Le roman a été écrit en 1984 en quatre mois et demi pour 10.000 dollars par un James Ellroy complètement fauché.
L'histoire se déroule de juin 1968 à juin 1984.
Le titre original du roman était Silent Terror.

Le livre est dédié à Duane Tucker qui a realise une interview de James Ellroy en 83-84 où celui ci annoncait son plan d'ecriture sur 20 ans (voir ci dessous) avant qu'il ne soit vraiment connu.

"ONE OF THE BEST Ellroy interviews can be found in the Spring 1984 edition of Armchair Detective. The interview was conducted by Duane Tucker, to whom Ellroy dedicated the paperback edition of "Silent Terror." Ellroy quotes W.H. Auden, Pauline Kael, James M. Cain and Ed McBain. He also lays out a master plan that he projects will carry him through the age of 50: A long police procedural to be set in Sioux City, S.D. in 1946; a long novel of mass murder and political intrigue set during Hitler's Beer Hall Pustch, a novel about the Black Dahlia murder and a revised version of his 400-page manuscript "The Confesions of Bugsy Seigel", which Ellroy said his agent hated. To date, only the Black Dahlia novel has appeared."

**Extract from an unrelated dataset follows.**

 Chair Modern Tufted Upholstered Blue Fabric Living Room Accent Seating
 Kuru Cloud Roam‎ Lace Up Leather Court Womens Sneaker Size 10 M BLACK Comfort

L'interview a ete reproduite en France dans la revue 813 d'avril 88 The manuscript "The Confesions of Bugsy Seigel" ne sera jamais publié. Il se trouve dans ses archives données à l'Université de Caroline du Sud.

Quatrième de couverure
"Il existe une dynamique dans la mise en oeuvre de l'horreur : servez-la garnie d'hyperboles fleuries, et la distance s'installe même si la terreur est présente, puis branchez tous les feux du cliché littéral ou figuratif , et vous ferez naître un sentiment de gratitude parce que le cauchemar prendra fin, un cauchemar au premier abord trop horrible pour être vrai. Je n'obéirai pas à cette dynamique. Je ne vous laissera pas me prendre en pitié. Charles Manson, qui déblatère dans sa cellule mérite, lui, la pitié; Ted Bundy, qui proteste de son innocence pour que les femmes solitaires lui écrivent, mérite le mépris. Je mérité crainte et respect pour être demeuré inviolé jusqu'au bout du voyage que je vais décrire, et puisque la force de mon cauchemar interdit qu'il prenne fin un jour, vous me les offrirez."